Wednesday, October 26, 2011

Would You Be a Republican or Democrat if You Didn't Have to?

One of the criticisms I bear most often as a libertarian is the notion that I'm throwing away my vote, because my party (if I choose to vote with the Libertarian Party) or my candidates will rarely get elected.  My response is often shrill, because voting based on chances of winning does not, in my estimation, indicate one being guided by their own inner principles.  Rather, it seems like people are more interested in simply being on a winning team...for reasons that make little sense other than it gives one a social group or bragging rights.

However, between Tea Party and Occupy protests and a recent New York Times/CBS News poll that suggests a 9% approval rating for Congress, it appears that the majority of Americans do not favor their elected officials.  The problem is that many people likely don't think they have much in the way of choice.  The US system is a de facto two-party system, as much as it pains me to say so, and people fall into three camps as a result: people who agree with one party for the most part, people who choose the party they disagree with less, and people who refuse to vote because neither works.

So...why don't we try a multi-party system based on proportional representation instead?  People simply vote their consciences, and based upon the self-identification, seats are allocated to each party.  Overly-fractured government can be avoided using minimum quotas to qualify (no more than 3 or 4%, ideally more like 1%), and the only way that legislation proceeds is through coalitions between parties.  Many of our closest allies, such as Canada, Germany and France have used systems like these effectively.
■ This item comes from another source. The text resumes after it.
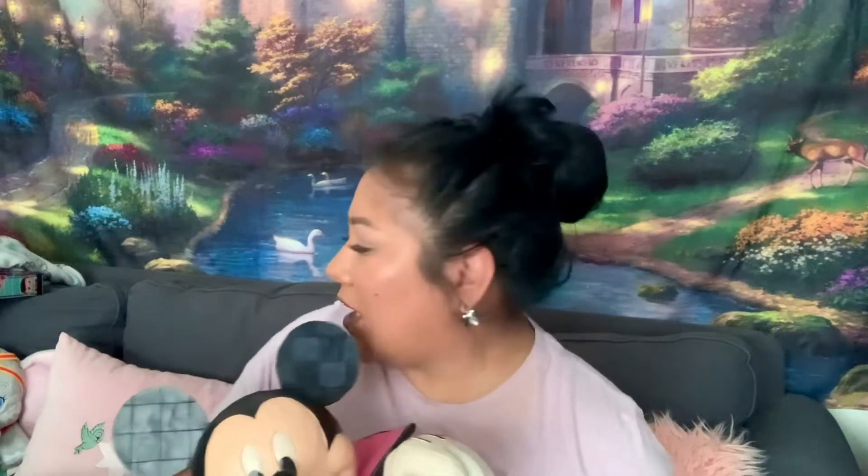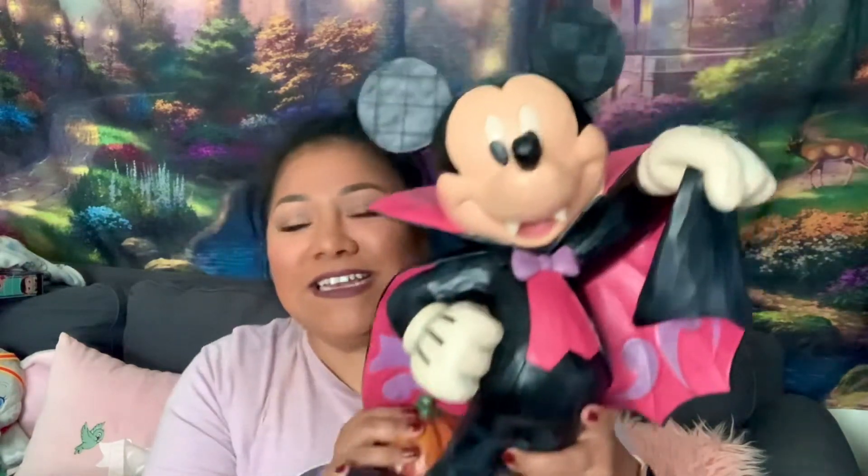Go get him y'all, run go get him! He came so fast — my friend ordered him on Friday and I got him today. Oh my god, I'm so excited!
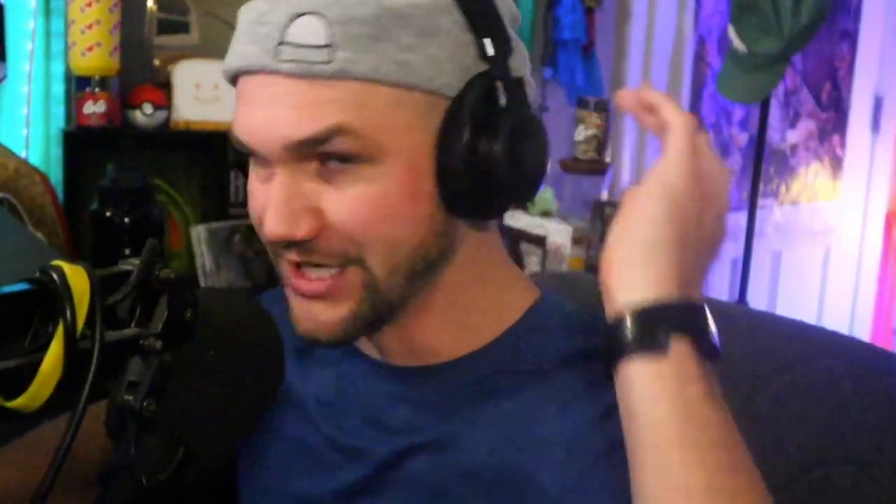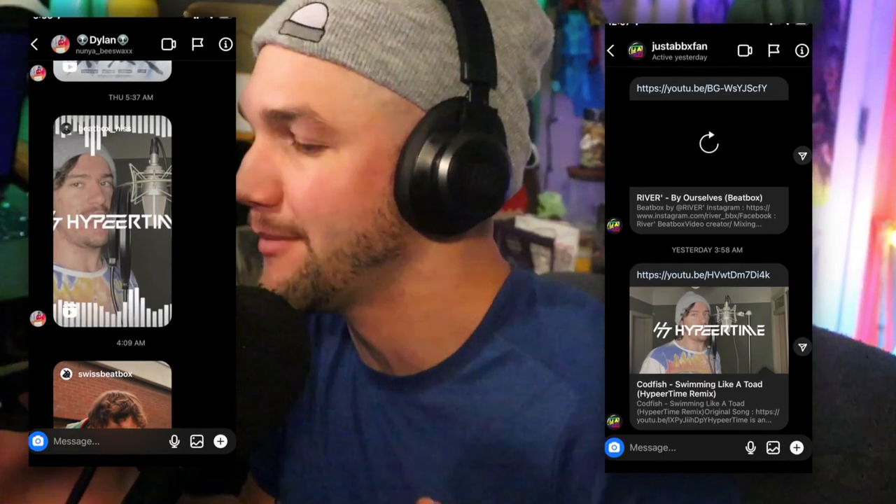Codfish is swimming like a toad. We checked out the official video last week — if you didn't see it, check that out. But this week, we got notified by a couple comments from lucky commenters letting us know about a remix by one of the most consistent remixers in the beatboxing scene, which is Hiss and his Hyper Time remixes. When we checked out the original, I knew that it was coming.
Though such a system would temporarily cause governmental gridlock, eventually, parties would figure out that legislation would do well to appeal to as many people as possible, and would account for many minority interests.  Installing a slowdown on legislation is, in my opinion, a good thing because it would force legislation to be well-considered and fair in order to pass.  Gone would be the days of statements like "we have to pass this bill to see what's in it."  Besides, can we really say that a different system would produce more gridlock than the current one, particularly with two sides hellbent on zapping each other?